Sí, Mozart, Schubert, Brahms y Gounod, pero los fabricantes de armas siguen ganando fortunas.
El único gran consuelo lo experimenté en la ciudad de Bonn, el día del nacimiento de Mozart. De pronto, todas las campanas de la ciudad comenzaron a sonar saludando al tan querido músico. Fue cuando pensé: nunca van a sonar las campanas para saludar a un fabricante de armas, a un genocida, a un desaparecedor. Pero sí para Mozart, pura alma, pura música, puros sueños, pura poesía.
Sí, aquí en el Rin estamos en pleno Carnaval. Todo es disfraz tendiendo —a propósito– al mamarracho. Los más mamarrachos van vestidos de militares: es una tradición. Lo introdujeron los renanos cuando estaban ocupados por Napoleón. Para demostrar su oposición a la ocupación extranjera, los varones salieron en Carnaval disfrazados de militares ridículos y marchaban en orden cerrado haciendo piruetas. Hoy se ve en los corsos a mariscales con mostachos llenos de moco o soldados condecorados hasta en la bragueta. Lástima que aquel fatídico 1º de septiembre de 1939, los que tuvieron que marchar al frente no se comportaron con la misma agudeza y coraje.
Pero siempre hay reacciones positivas. Por ejemplo, el periodista Hans W. Korfmann, del diario Frankfurter Rundschau, que ridiculizó el llamado “Biathlon”, donde los esquiadores corren con sus esquíes por la nieve llevando una carabina en la espalda. De pronto se detienen y disparan cinco tiros a blancos puestos a la distancia. Se pregunta el periodista por qué o quién militarizó así los juegos en la nieve. Y llegó a la conclusión de que esas pruebas fueron impuestas por Hitler en las Olimpíadas de 1936. Interrumpir la carrera para tirar balas, cargar el arma como un soldado. Y cómo desde el televisor el relator va gritando como un suboficial: “Y ahora, Michael Greis ya llega al stand de tiro, se pone en posición, apunten... ¡fuego...!”, y el público grita como si el tirador hubiera pegado en el corazón de alguien. Luego, lo mismo con las esquiadoras, fusil al hombro, no demorarse, “tomar posición, apunten, ¡fuegooo!”.
El periodista califica de ridícula, militarista y de inspiración nazi esta variante. Propone, por ejemplo, que cuando lleguen al stand de tiro, los esquiadores del biathlon jueguen partidas de ajedrez simultáneas para meter la rapidez mental en la rapidez muscular.

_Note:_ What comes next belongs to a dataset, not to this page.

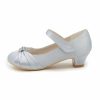 Shoes | Girl’s Flower Girl Shoes Wedding Party Mary Jane Rhinestone Satin Round Toe Low Heel Shoes White – Girls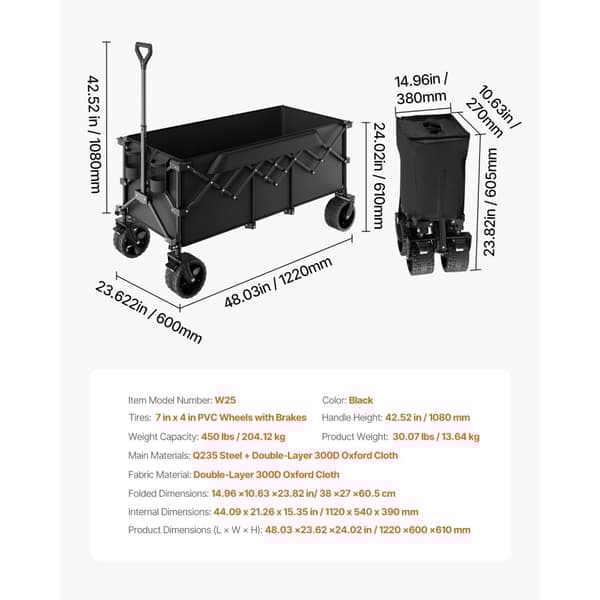 Hopfällbara Vagnar 300L & 450LB, Heavy Duty Trädgårdsvagn, Förlängd och Robust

Después, en el mismo diario, un historiador –que nunca falta– desmintió que haya sido Hitler quien impulsó el tiro en el biathlon. Dice que era ya en los años veinte una costumbre de los cazadores de montaña, pararse y matar ciervos. Quien mataba más ciervos y llegaba primero ganaba. Como sea. La caza no es un deporte, es ya una “mandada de parte” de señores bien, bien disfrazados. Ojalá que los deportistas en el futuro se nieguen a arrastrar el arma en sus espaldas y en vez de tirar tiros jueguen al ajedrez.
¿Y cuándo los obreros de las empresas de armas se van a negar a fabricarlas?